If public school students never have to choke down another slab of gravy-coated Salisbury steak for lunch again, they may have some Philadelphia high-schoolers to thank.
Twenty students from Olney High School sampled authentic Mexican cuisine this week in a government taste-testing experiment aimed at improving the quality and diversity of school lunches.The verdict? Mystery meat is out, Mexican is in.
That could mean a welcome change for 25 million pupils at 92,000 schools across America.
In its search for interesting, healthy new menu items for public school lunches, the U.S. Department of Agriculture flew in one of Mexico's leading chefs to prepare six meals for the group of honors English students.
The food that replaced the hamburgers, pizza and Tater Tots wasn't nachos, tacos or chimichangas. And salsa, guacamole and sour cream didn't drown the food the way ketchup, mustard and mayonnaise sometimes do.
These were authentic Mexican dishes prepared by Arnulfo Luengas, executive chef of Banamex, Mexico's national bank. Turkey enchiladas, chicken with green sauce, rice and spinach, rice pudding and baked bananas were a few of the taste treats.

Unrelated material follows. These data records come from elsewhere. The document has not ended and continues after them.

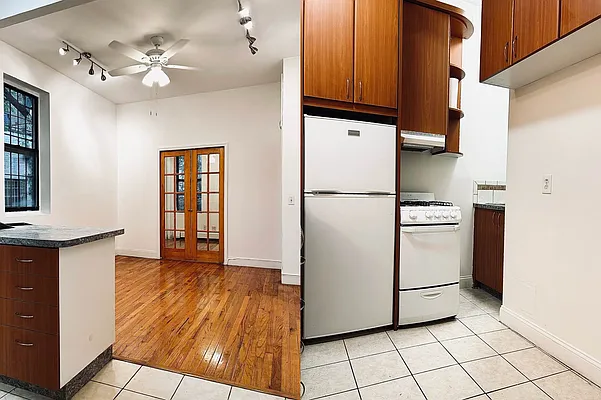 Rented by Quest Realty Sunnyside Corp | media 4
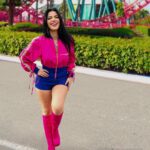 Mariana Ávila Instagram - Día de parque con colores de súper heroína 🦸‍♀️ @FashionNova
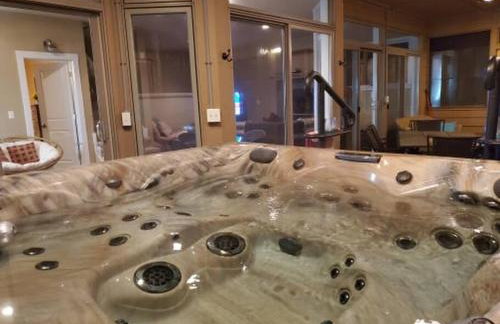 Woodshores Retreat - cozy retreat, hot tub, Lk MI - Photo 47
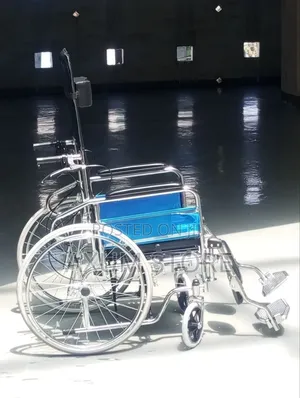 High-Back Modern Wheelchair — ባለከፍተኛ ጀርባ ዘመናዊ ዊልቸር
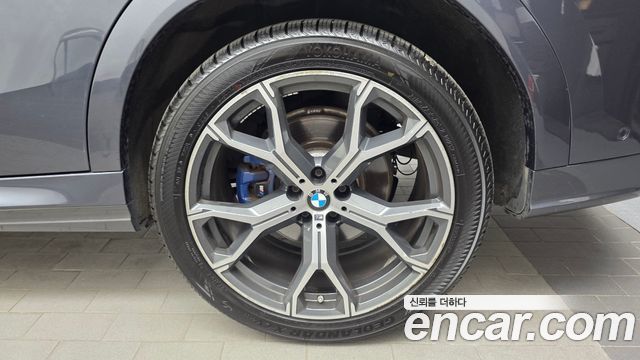 BMW X6 (G06) xDrive40i M Sport 2022 — фото 21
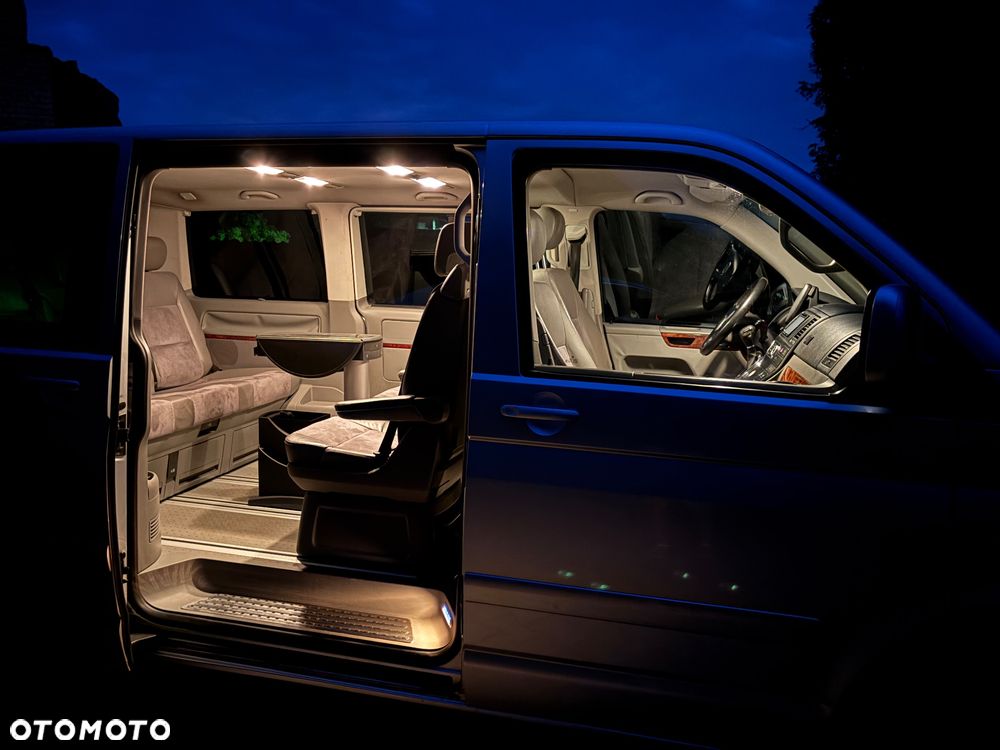 Volkswagen Multivan - 39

It may have been the first time cilantro ever spiced up a school lunch.
Students rated each dish, and additional comments were encouraged.
Amber Then, a 15-year-old junior, was pleasantly surprised.
"I thought it was going to be really hot and spicy," she said. "But I was able to try everything. I enjoyed every bite."
Each dish conformed to recent Clinton administration proposals to limit fat, sodium and cholesterol in school lunches by increasing vegetables, fruits and grains.